Egyptology Weekend: Temple of Karnak

This weekend my topic is the huge Temple of Karnak. The temple, which is actually a whole complex of temples, is one of the largests temple-complexes in the world. It is about 1.5 kilometers long and almost one kilometer broad. It is located in the modern town of Luxor in Southern Egypt on the Easterne bank of the Nile. In ancient times, the main part of the temple was dedicated to the god Amun and his family: his wife Mut and son Khonsu. Amun was one of the most important gods of ancient Egypt, so it is not wonder that this temple is so huge. Below is an image of the ground-plan of the temple.

The temple was founded around 2000 BCE and for the next 2000 years, almost every pharaoh build, demolished, extended and maintained this temple. Today, the ruin is by far one of the most magnificent ruins of the world. Below you see the facade of the temple. Upon entering, you walk down a long avenue of sphinxes and enter through a large pylon which is the gateway into the temple.This image is from flickr and is shot by the user Yi-Chen.
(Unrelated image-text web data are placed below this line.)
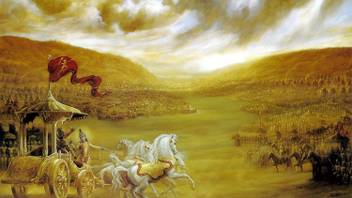 Indian Art Painting Mahabharat Bhagavad Gita Krishna And Arjuna In The Battlefield Of Kurukshetra Premium Quality Poster For Home And Office Decor Paper Print Art Paintings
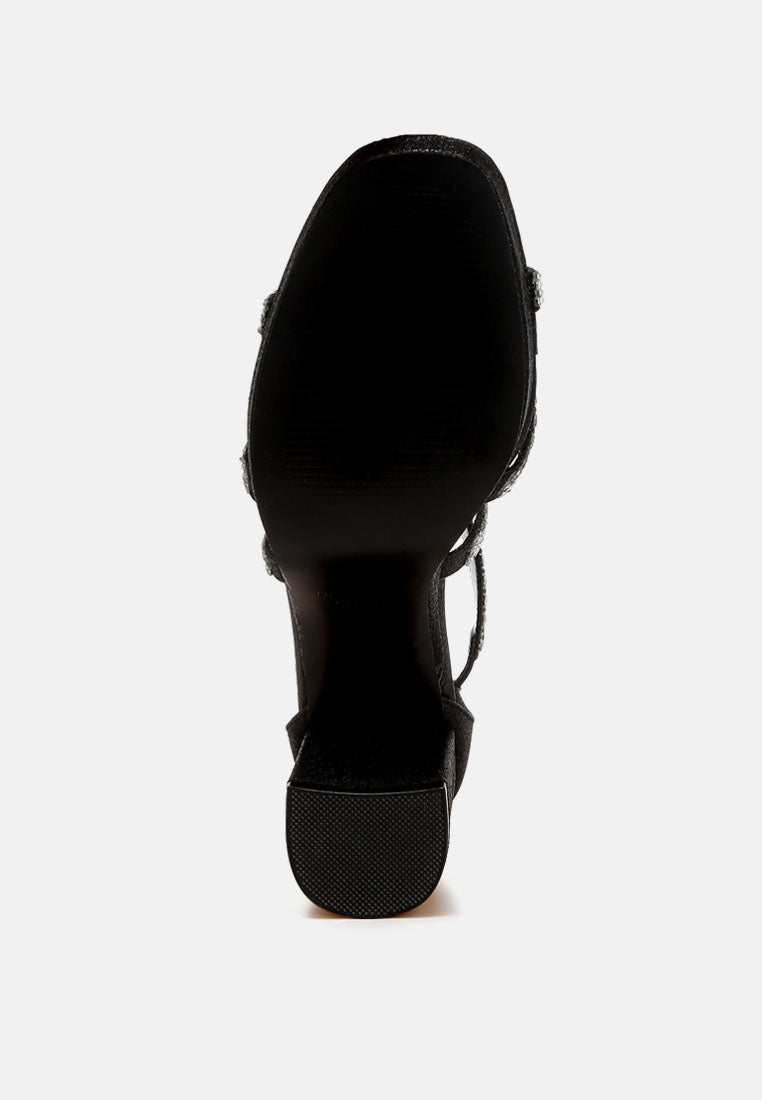 women rhinestones embellished strappy sandals#color_black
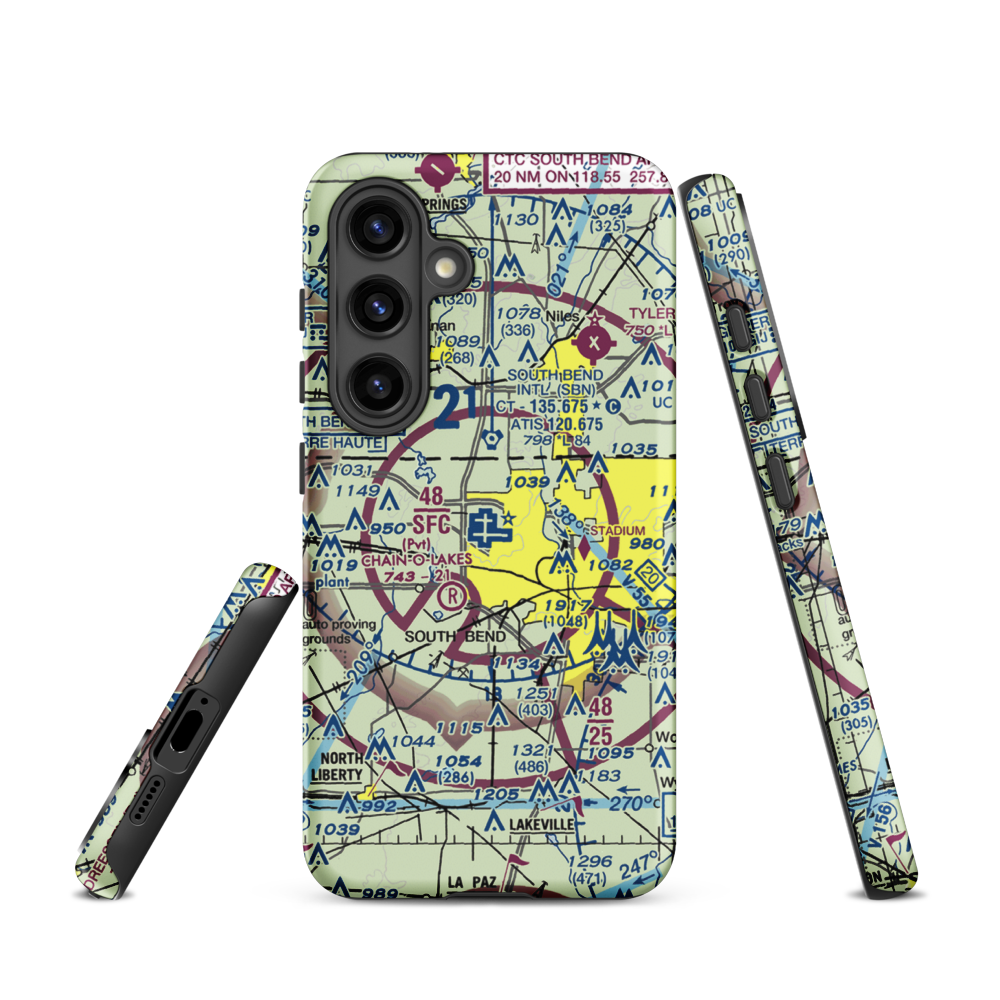 South Bend Regional Airport (SBN) VFR Sectional Samsung Phone Case Samsung Galaxy S24 model shown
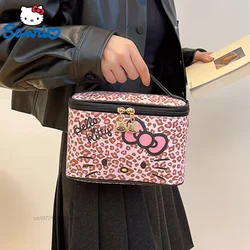 Sanrio Pink Leopard Hello Kitty Cosmetic Case New Handheld Makeup Bag & Wallets & Purse & Handbag Women's Bag Lunch Box Bag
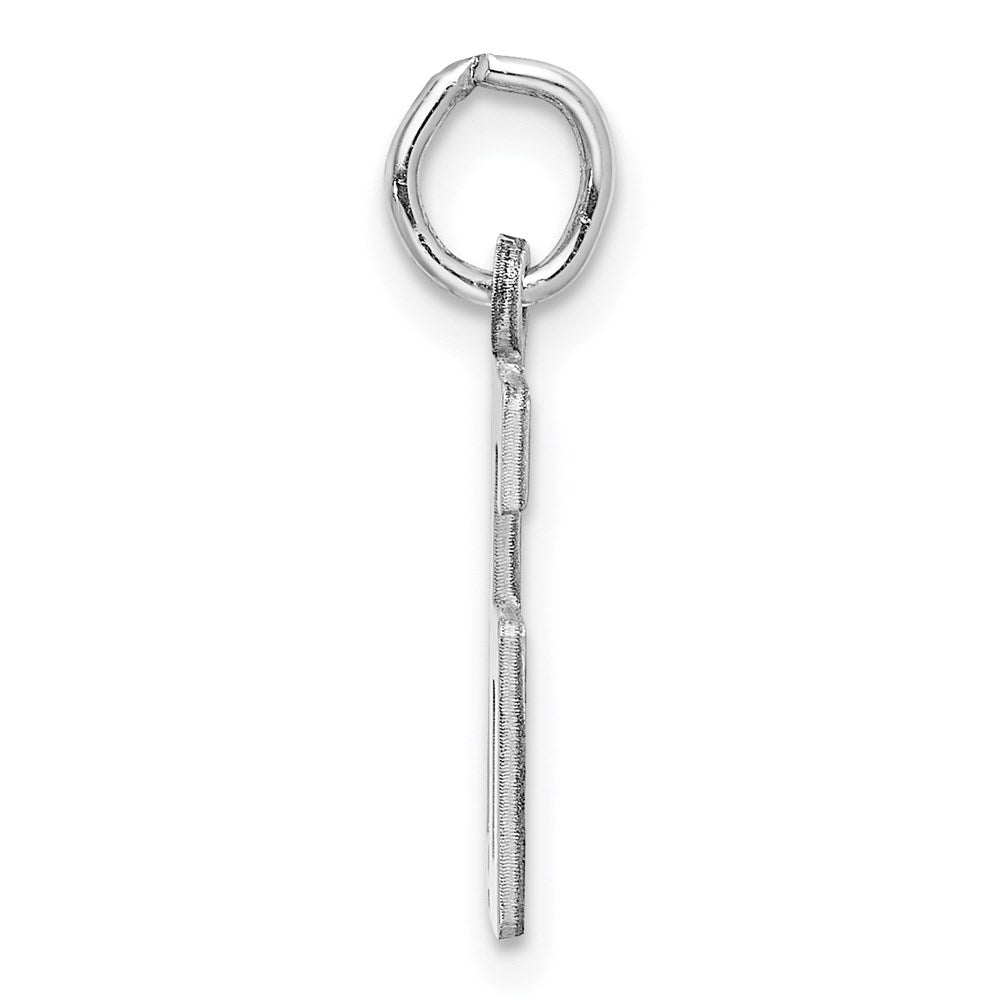 Sterling Silver/Rhodium-plated Elongated Number 16 Charm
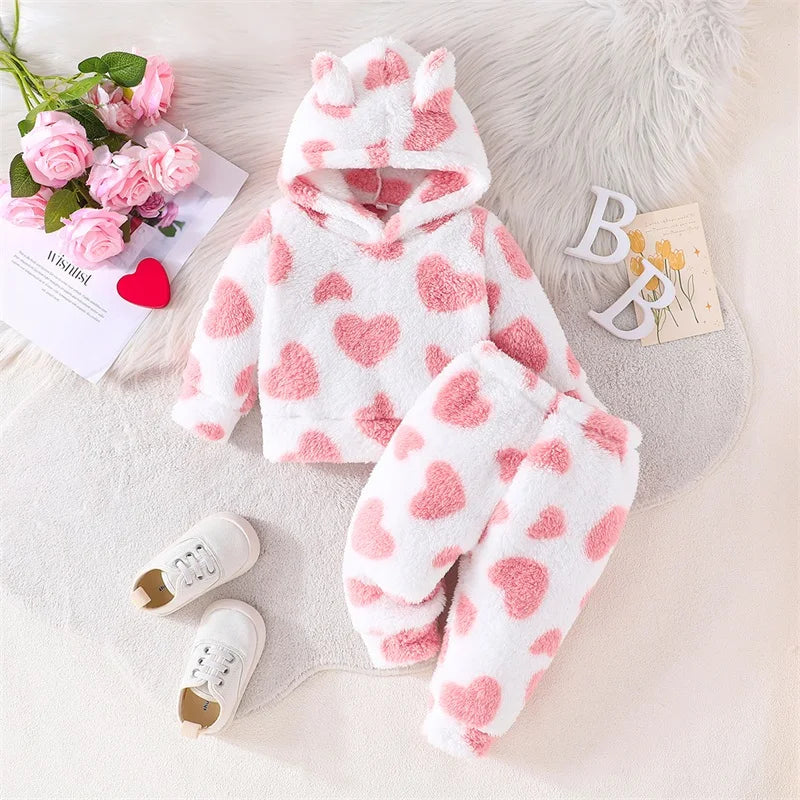 Girls Heart Print Plush Fleece Hoodie Pant Set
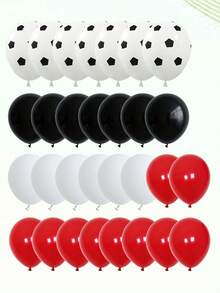 30 pezzi Set di palloncini a tema calcio, palloncini in lattice da 12 pollici con stampa da calcio in nero, bianco e rosso, adatti per feste di compleanno, partite di calcio, tifoseria per i Mondiali, decorazione per festa di nascità - Multicolore - Visualizzare 2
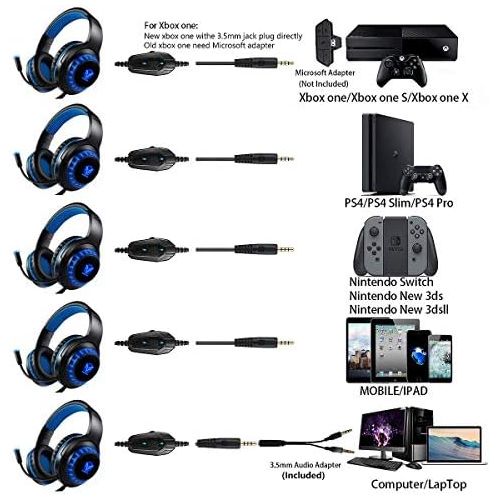  [아마존베스트]Pacrate Pro Gaming Headset for PS4 Xbox One Noise Reducing Over-Ear Headphones Crystal Stereo Sound with Intense Bass & LED Lighting & Sensitive Microphone for PC Laptop Mac, blue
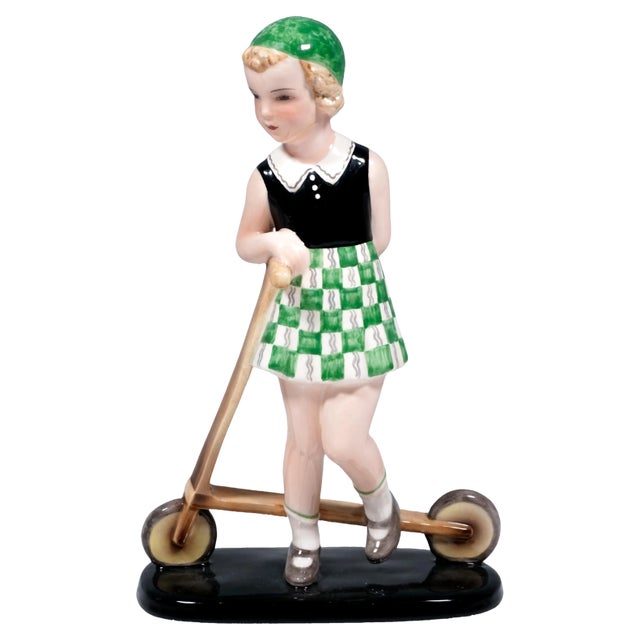 Art Deco Girl with Scooter Figurine by Dakon, 1930s Chairish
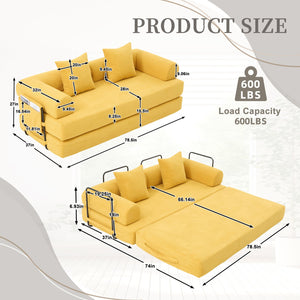 English Elm UNITED modular foldable sofa with metal frame, corduroy upholstery, side pocket & quick assembly convenience Mustard yellow W1568P375635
Most Egyptian temples are build from the same “master-plan”. There is a row of features, that you’ll find in most temples. One of those features is the pylon, fronting every temple. This one in Karnak is huge. You can see niches as well as windows in the pylon. Long, thin flagpoles were placed in the niches and they were tied up from the windows so that they would not break. Usually, a pylon is decorated with reliefs of various gods and goddesses and pharaoh smiting enemies in front of the gods. But the pylon in the Karnak Temple was never finished, so it has no decorations. Below is an image of one of the most famous features in the Karnak Temple: The great columned hall.
The hall was build by the pharaohs Sety I and his son Ramesses II. It is impossible to show an image or to describe just how enormous this hall actually is. It is a virtual forest of columns, more than 100, some of them more than 20 meters high. In ancient times, the hall had a roof and it symbolised the plants, the fertility, along the Nile. Some of the relief on the columns are very pretty, like you can see on the image below.

The duck and the sun disc spells Sa Ra, meaning Son of the Sun God Re. Immediately in front and behind the Sa Ra-glyphs, you can see the cartocuhes (name-rings) of pharaoh Ramesses II. The glyphs then means: Ramesses II is the Son of Re (but then again all pharaohs were sons of Re anyway).

The temple, like every other temple, also had a Sacred Lake, where priests could purify themselves before attending to rituals. You also needed obelisks, long, thin stone-poles pointing towards the sun and inscribed with whatever name of the pharaoh who gave the obelisk to the temple.

Karnak Temple was called Ipet-Isut in ancient times. That means “Most Select of Places”. Today, this ancient holy ground is still a very select place, visited by thousands and thousands of tourists every day. But it is so huge that it rarely feels crowded. Or at least you can always find a spot where, if you really strain your ears, you can still hear the footsteps of priests and workers echoing down through the millenia ;o) And there is so much more to be said about this temple, that it will end up being a very, very long post if I do not stop now.
Wikipedia has a decent article here and the Tour Egypt website describe the temple here. You can see my flickr images from the temple here.
For the coming two weekends I’ll actually be in Egypt, so no Egyptology Weekend, as I will not be able to be online every day.